Similarly, Pinky Devi, 30, a mother of three from Nalanda district of Bihar, has been part of a self-help group since 2009 organised by JEEViKA, a partner organisation of Digital Green.
She said: "After attending these video disseminations, around 50 farmers in my village have adopted the practice of System of Rice Intensification and 35 have kitchen gardens in their homes increasing their farm output and gaining food security and ensuring nutritious food for their families."
"Yet challenges remain," said Mr Gandhi. "The prime one, ensuring the quality of the approach, especially as it is scaled to reach more than one million farmers - men and principally women. Our approach ultimately depends on people - from those involved in producing videos to those facilitating their screening to farmers themselves - so we have focused on developing systems, such as a management information system that works online and offline to monitor activities in the field and a mobile, video-based courseware platform to train and assess the skills of extension agents."
Partnering for progress
Digital Green partners social and government organisations which are working with rural communities.

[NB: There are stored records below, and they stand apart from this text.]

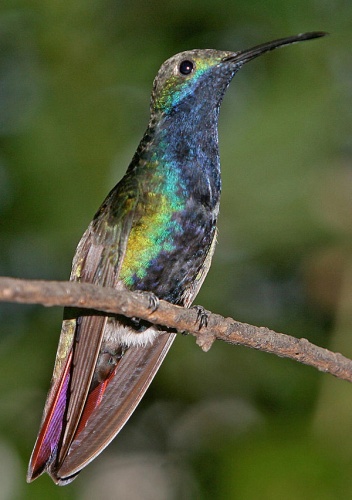 Black-throated Mango © <a href="//commons.wikimedia.org/wiki/User:Tomfriedel" title="User:Tomfriedel">http://www.birdphotos.com</a>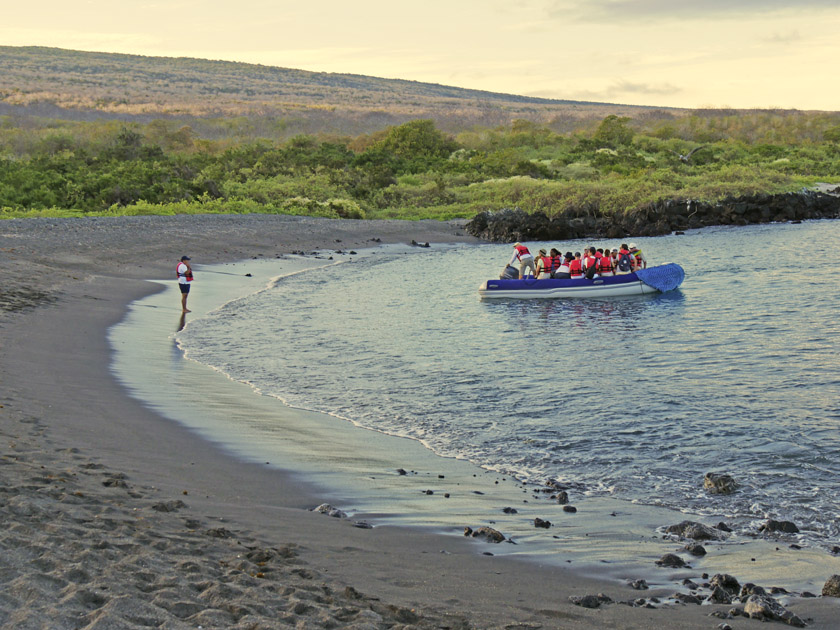 Morning Zodiak Landing, Urbina Bay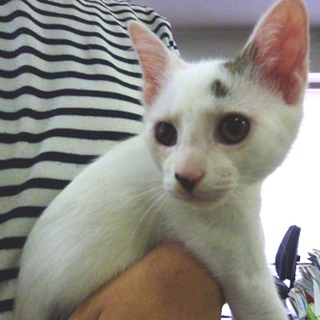 【岡山】白黒ブチ　オス♂　子猫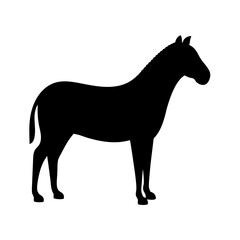 A striking, solid black silhouette of a zebra standing on a white backdrop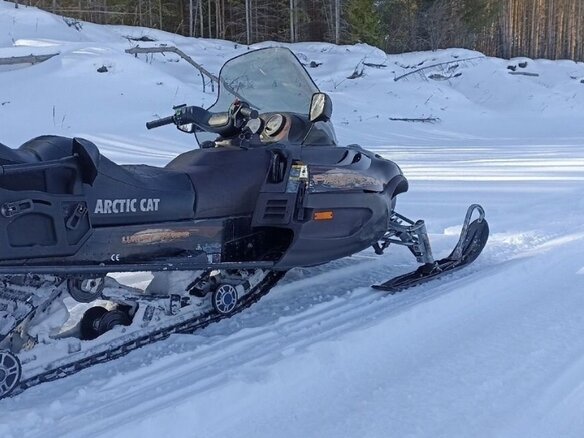 2003 Arctic Cat Pantera, коричневый, 630000 рублей - вид 1
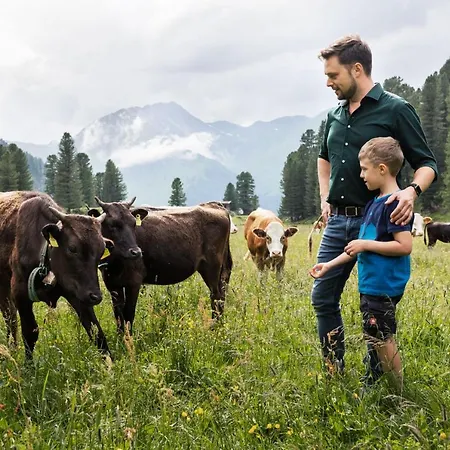 بيت ريفي Berggasthaus Hollensteinhutte 3*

"Our approach is geared to magnify their reach and increase the uptake of the practices they are promoting. We've found this can improve the cost-effectiveness of existing agricultural development programmes by a factor of 10 times, per rupee spent," justifies Mr Gandhi.
Since 2008, Digital Green has partnered more than 50 organisations, including government agencies, NGOs, and private agribusiness.
Its partners typically fund the operational costs of its approach, including buying cameras and mobile projectors as well as involving their field personnel in the day-to-day activities of producing and screening videos.
Digital Green's in-house teams develop technology tools and training materials to support its partners.
Having been designated a National Support Organisation by the National Rural Livelihood Mission of the Government of India, Digital Green has managed to forge a partnership with the Ministry of Agriculture of Ethiopia, which enabled it to expand its approach.
They have produced more than 5,000 videos in 28 languages across more than 17,000 villages.
Currently working in nine states in India as well as in Nepal and countries such as Ethiopia, Ghana, Guinea, Ivory Coast, Senegal, Burkina Faso and Tanzania, Digital Green has plans to work in more Asian, African and Latin American countries.
Thus, for Mr Gandhi the hugely rewarding experience lies in realising that "the so-called developed and developing world divide can't be closed by technology alone".
He said: "It is the sparks of curiosity to learn and to create role models that participatory video and grassroots-level partnerships can enable. Farmers are empowered to take their 'one small step' toward improving their lives and of those around them."
"We want to expand in India and a few other countries in Asia and Africa. We're also very excited about evolving a new five year strategy (2017-2022), where we want to focus on really making a lasting impact in the lives of the small-holder farmers and make ourselves more accountable to them.
"The strategy formulation, which is still underway, is focused on strengthening the existing extension systems, going beyond the extension systems by exploring other innovations such as value chain and market linkages and strengthening our Monitoring, Learning & Evaluation systems to capture the impact on the ground," he said.